Love your garden this summer

As gardens begin to burst with life, Peter Dowdall says it’s a great time to source new varieties of perennials

Love your garden this summer

IT’S that time of the year again isn’t it? The time when that area outside your house which has lain idle for so long, comes to life once more. Whilst winter is a productive time for us gardeners, what with dividing perennials, moving established plants, double digging herbaceous borders and mulching the vegetable beds with farm yard manure and seaweed, for many the garden lies forgotten during the bleak winter months.

But at this time of year and with the recent spell of good weather, the garden once more comes to the foreground and is once again a vibrant and happening living space. Kids and adults playing, gardening, mowing grass, cutting back overgrown shrubs, dining outside, having friends over for some outdoor drinks and post communion and confirmation parties. Areas that haven’t been cleaned or even looked at since last summer’s fun was abruptly called to a halt, are now being swept and scoured. Visits to garden centres are happening all around the country to make our outdoor living rooms a place of beauty once more.

And for those wiser heads who have long since tired of the perennial task of annuals and who yearn for more elegance and less showmanship, then there are the herbaceous and evergreen perennials to purchase.

Time now to source those varieties that have eluded us thus far and for me this year I have already added to my heucheras with the stunningly garbed, ‘Delta Dawn’. More subtle colouring than many of the others with the large soft leaves being pale brown with a yellow edging.

Also, Mahonia ‘Soft Caress’ has found its way into my patch, low growing and with fern-like foliage, it bears very little resemblance to its larger-growing family members like ‘Charity’ and ‘Winter Sun’.

The leaves are soft and not thorny and the panicles of yellow flowers are produced from August to November, earlier than the other Mahonias.
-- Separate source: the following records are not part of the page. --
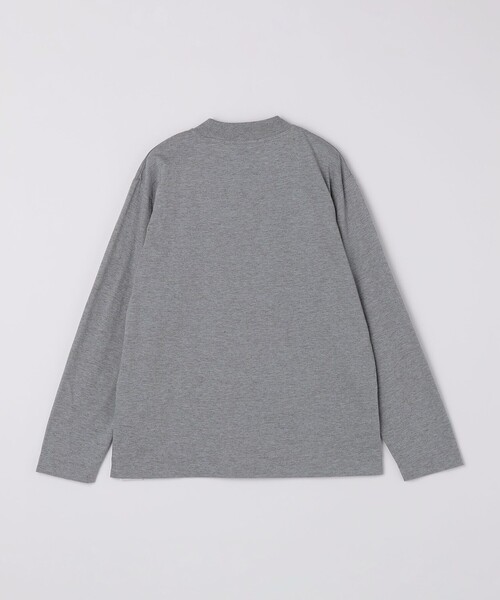 SHIPS（シップス）の「SHIPS: コットンウール モックネック ロングスリーブ Tシャツ（Tシャツ/カットソー・メンズ・オフホワイト/ライトグレー/ダークブラウン・SMALL/MEDIUM/LARGE/X-LARGE）」の12枚目の写真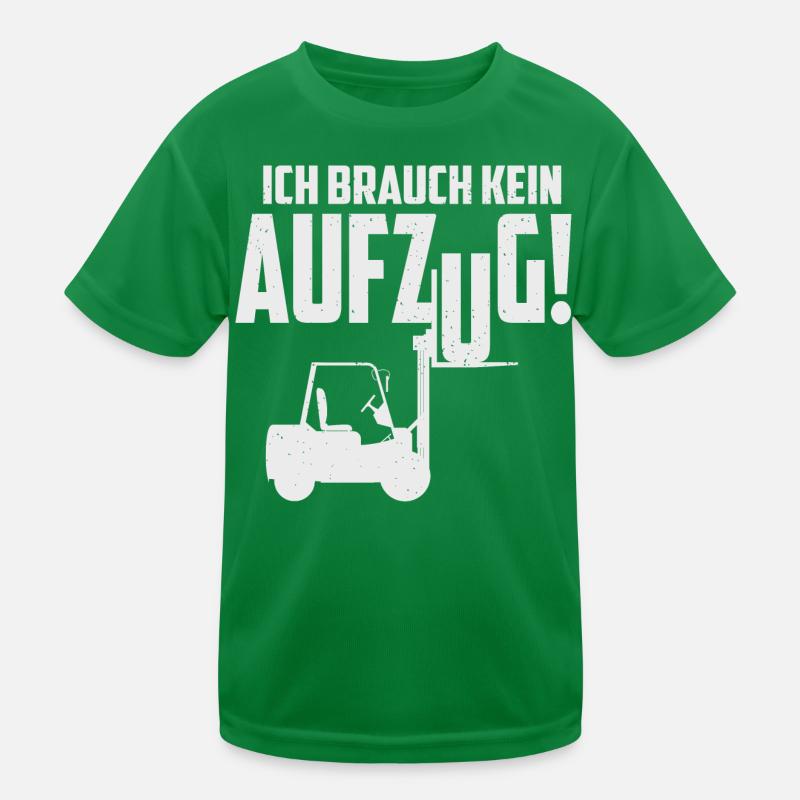 Gabelstapler Führerschein Kinder Funktions-T-Shirt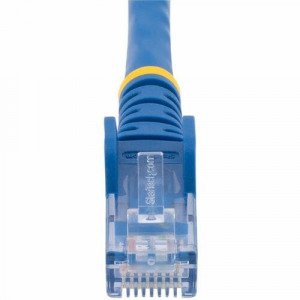 StarTech.com 6 ft. CAT6 Ethernet Cable - 10 Pack - ETL Verified - Blue CAT6 Patch Cord - Snagless RJ45 Connectors - 24 AWG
Winner of best new plant at last year’s Chelsea Flower Show, I cannot speak yet about ‘Soft Caress’ with any degree of experience but like with all gardening acquisitions, it will be trial and error once more — another voyage of discovery.

If only we could be sure of our climate — the main problem is the unpredictability. I have just returned from a beautiful few days spent on the Dingle peninsula and once again my love affair with the Irish countryside and landscape has been rekindled for very few places in the world can compete with West Cork and Kerry in the sunshine.

I could have travelled the same route, of course, and not been able to see the road in front of me — it really is the luck of the draw. We got to really enjoy living outdoors last summer and who knows what this summer will bring?

But always look upon the garden as a living space and often far larger living space than what you have indoors. It can be easy to keep it looking well, a small bit of work and some low maintenance tips and plant suggestions from your local garden centre will keep it in good shape for 12 months of the year.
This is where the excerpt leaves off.